* To do *
Because the material must match the original, reproduce every line of it exactly.

* Material provided *
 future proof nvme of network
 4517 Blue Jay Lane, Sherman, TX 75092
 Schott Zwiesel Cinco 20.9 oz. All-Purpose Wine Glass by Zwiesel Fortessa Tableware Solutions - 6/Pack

* Reply to the exercise *
 future proof nvme of network
 4517 Blue Jay Lane, Sherman, TX 75092
 Schott Zwiesel Cinco 20.9 oz. All-Purpose Wine Glass by Zwiesel Fortessa Tableware Solutions - 6/Pack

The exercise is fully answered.